Business risk assessment can be tackled as a one off snap shot, but it is a lot easier to draw all your risks together and manage them as a whole if you have a corporate risk management plan setting out processes and priorities. You cannot expect operational staff to act in line with the corporate attitude to risk if they don’t understand it, either because a policy has not been spelled out or because it has not been communicated to them. A risk management plan need not be hard to follow, in fact it must not be if it is to be effective, but it does need careful preparation.

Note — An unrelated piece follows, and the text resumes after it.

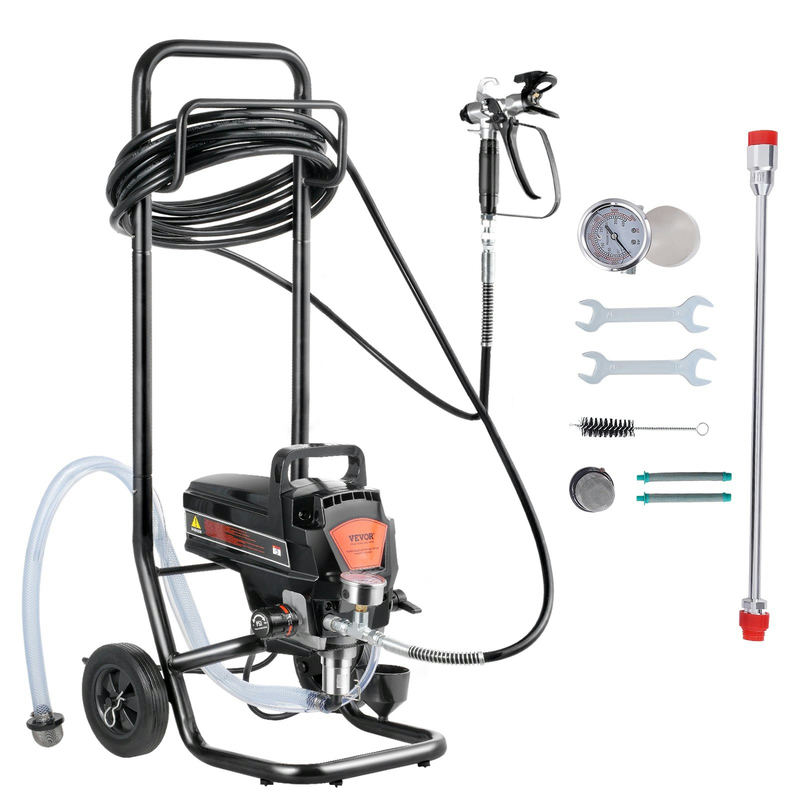 Statīvais bezgaisa krāsas smidzinātājs 950W 3000 PSI ar ratiņiem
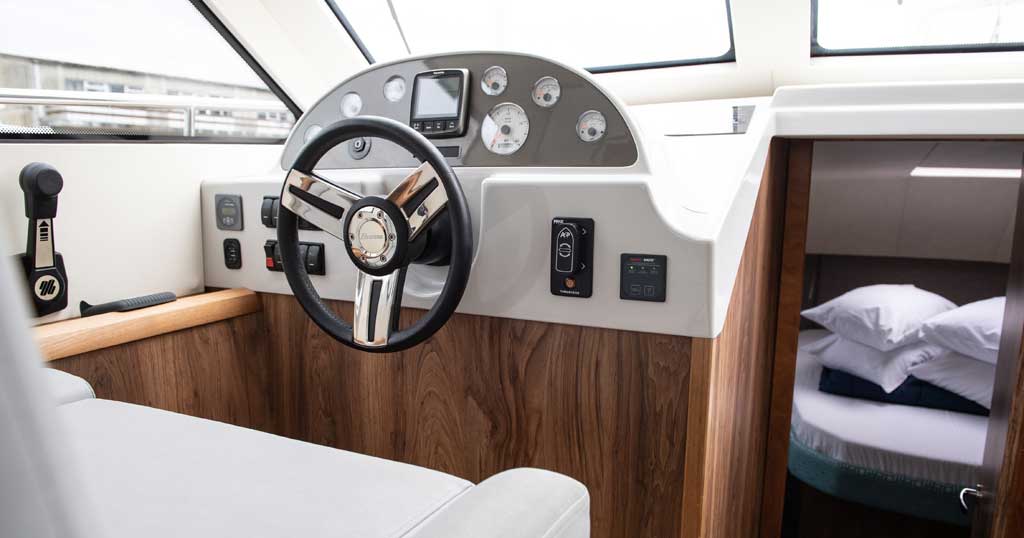 Inside a Broom Boat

A corporate policy on risk is likely to acknowledge the fact that there is no such thing as a risk free operation of any type, which will be news to some people, and set out the priorities which will drive the way you manage risks. One organisation, for instance, might rely on its in-house expertise and aim for its engineers and managers to work to world’s best practice in everything they do, including risk management. They might buy in specialist support for the risk management process itself, but rely on their own technical expertise. Another could decide that all major technical and operational decisions and policies will be audited by external specialists. One business might accept high risks and go for high margins while another opts for lower margins and less risk.
The best risk management policy for a given business will depend on a multitude of factors. Ultimately it will be driven by the personal attitudes of those funding the operation.
Formal risk management is relatively new to many areas of business. Even after the release of the recent Australian and New Zealand Standard on Risk Management, AS/NZS 4360, it is a dynamic subject and everyone is feeling their way to a certain extent.
Risk management goes to the heart of most important decisions in a business, from the detailed working of an engineering process up to long term strategy and policy formulation. The need for a formal approach and cost-effective analysis and assessment methods is growing, as business becomes more competitive and aggressive every year. The mining industry is no exception to this trend, and is beginning to find that explicit attention to risk management pays off in better quality decisions and more predictable business.